O aumento na alíquota do IOF (Imposto sobre Operações Financeiras) para bancar gastos do governo com o programa Bolsa Família vem na contramão da agenda do BC (Banco Central) de fomentar a competição para reduzir o custo do dinheiro no país, avaliam especialistas.

Diego Perez, presidente da ABFintechs (Associação Brasileira de Fintechs), afirma que a medida coloca em xeque o trabalho que tem sido desenvolvido nos últimos anos pela autoridade monetária no sentido de promover a competição no mercado, de modo a abrir espaço para novos entrantes e assim conseguir reduzir o spread bancário.

“O aumento do IOF faz com que todo esse esforço seja enfraquecido, ou até em vão. Enxergamos como uma medida negativa que, se permanecer no longo prazo, pode trazer impactos para o barateamento dos serviços financeiros, que ainda continuam entre os mais caros em termos globais”, diz Perez.

O presidente da ABFintechs lembra que o aumento no custo para o tomador final contribui para a redução nas margens das empresas, que repassam essa despesa para o cliente final, em um movimento que pode levar a um maior endividamento das famílias e retroalimenta a pressão inflacionária.

Gabriel Cabral/Folhapress

Sandro Reiss, presidente da Associação Brasileira de Crédito Digital (ABCD) afirma que, em geral, o crédito que é ofertado no ambiente digital tende a ser um pouco mais barato, na média, do que o praticado no mercado convencional, por conta da menor estrutura de custos e maior eficiência na análise de dados.

Por isso, quando o imposto sobre as transações financeiras aumenta de maneira indiscriminada, o impacto em termos proporcionais acaba sendo maior para as taxas de crédito no ambiente digital, explica o presidente da ABCD, com repercussões negativas também para os tomadores de crédito.

​"Aumentar o IOF é aumentar o endividamento das famílias de uma forma que não é saudável, porque elas não estão aumentando o endividamento para ter mais crédito, mas por estar pagando mais caro por ele”, diz Reiss.

Entre os agentes no mercado financeiro, a recepção quanto à medida também foi ruim —menos pelo impacto direto na economia em si, e mais pela sinalização que o governo transmite com esse tipo de postura.

“O maior impacto hoje para os mercados diz respeito à credibilidade do governo e o que ele vem fazendo para tentar fechar a conta do teto de gastos”, diz Filipe Villegas, estrategista da Genial Investimentos.

Villegas nota que o aumento da incerteza política tem contribuído para a deterioração na percepção de risco do investidor em relação às oportunidades no mercado brasileiro, o que tem derrubado os preços das ações na Bolsa local.

“Quando vemos medidas como essa do aumento do IOF, dando um peso maior para o financiamento de programas de transferência de renda do que para melhorar o ambiente e o custo de captação para as empresas e para as pessoas, é algo entendido pelo mercado como uma sinalização negativa”, endossa Pietra Guerra, especialista em ações da Clear Corretora.

Ela acrescenta que, ao aumentar a alíquota do imposto sobre transações financeiras, o governo cria um ambiente menos amigável para a geração de lucro por parte das empresas e reforça os questionamentos sobre sua preocupação e capacidade de avançar com a agenda de reformas.

“A Bolsa já tem sentido o cenário de incerteza, puxada também por outros fatores, como a queda das ações de commodities, mas podemos dizer que a medida tem, sim, um impacto negativo para a Bolsa”, afirma a especialista da Clear.

A medida também não foi bem recebida por instituições mais tradicionais de grande porte.

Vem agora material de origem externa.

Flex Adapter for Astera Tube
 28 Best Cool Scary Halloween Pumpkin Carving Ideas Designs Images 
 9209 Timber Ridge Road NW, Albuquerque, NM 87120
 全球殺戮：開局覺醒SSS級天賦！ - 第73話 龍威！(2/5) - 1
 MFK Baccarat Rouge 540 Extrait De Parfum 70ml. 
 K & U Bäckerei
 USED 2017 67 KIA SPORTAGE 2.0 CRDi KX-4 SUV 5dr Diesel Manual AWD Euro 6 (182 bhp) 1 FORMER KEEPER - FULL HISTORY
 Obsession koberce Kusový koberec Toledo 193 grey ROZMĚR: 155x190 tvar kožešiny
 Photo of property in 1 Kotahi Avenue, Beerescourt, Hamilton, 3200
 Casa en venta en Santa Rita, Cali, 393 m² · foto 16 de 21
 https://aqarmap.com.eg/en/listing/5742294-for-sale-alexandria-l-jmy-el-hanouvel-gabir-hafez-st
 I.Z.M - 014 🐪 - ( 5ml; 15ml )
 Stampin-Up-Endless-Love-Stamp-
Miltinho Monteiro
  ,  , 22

A avaliação é que a alta do imposto deve desacelerar o ritmo de concessão de crédito às pessoas e às empresas, bem como criar mais um empecilho para já cambaleante retomada econômica.

Em nota, a Febraban (Federação Brasileira de Bancos) aponta que o aumento de impostos sobre o crédito, mesmo que temporário, agrava o custo dos empréstimos, particularmente em um momento em que o BC precisará subir ainda mais a taxa básica de juros para conter a alta da inflação.

“O resultado é o desestímulo aos investimentos e mais custos para empresas e famílias que precisam de crédito”, diz a nota da federação dos bancos, que defende também a aprovação de reformas.

Nicolau Neto, presidente da Associação Brasileira das Sociedades de Microcrédito, avalia que o encarecimento do crédito, como reflexo do aumento do imposto, contribui para a lentidão da recuperação econômica.

“Todos nós pagaremos por isso, em especial a classe empreendedora mais baixa, que depende do microcrédito. O governo preferiu encarecer a produtividade, que de fato gera e distribui renda, para abastecer um programa que não apresenta o mesmo impacto”, afirma Neto.

Luis Miguel Santacreu, analista de instituições financeiras da Austin Rating, diz que, se por um lado, o aumento do IOF traz um impacto positivo para as operações de bancos e seguradoras, por outro, é preciso entender quais serão os reflexos da medida para a capacidade de pessoas e empresas de seguirem tomando empréstimos e para a inadimplência.

“Se o preço do dinheiro aumentar e a quantidade de crédito concedido também, pode ter um efeito positivo na margem dos bancos, mas é preciso acompanhar qual será a evolução do volume de crédito concedido com os juros mais caros”, afirma o especialista.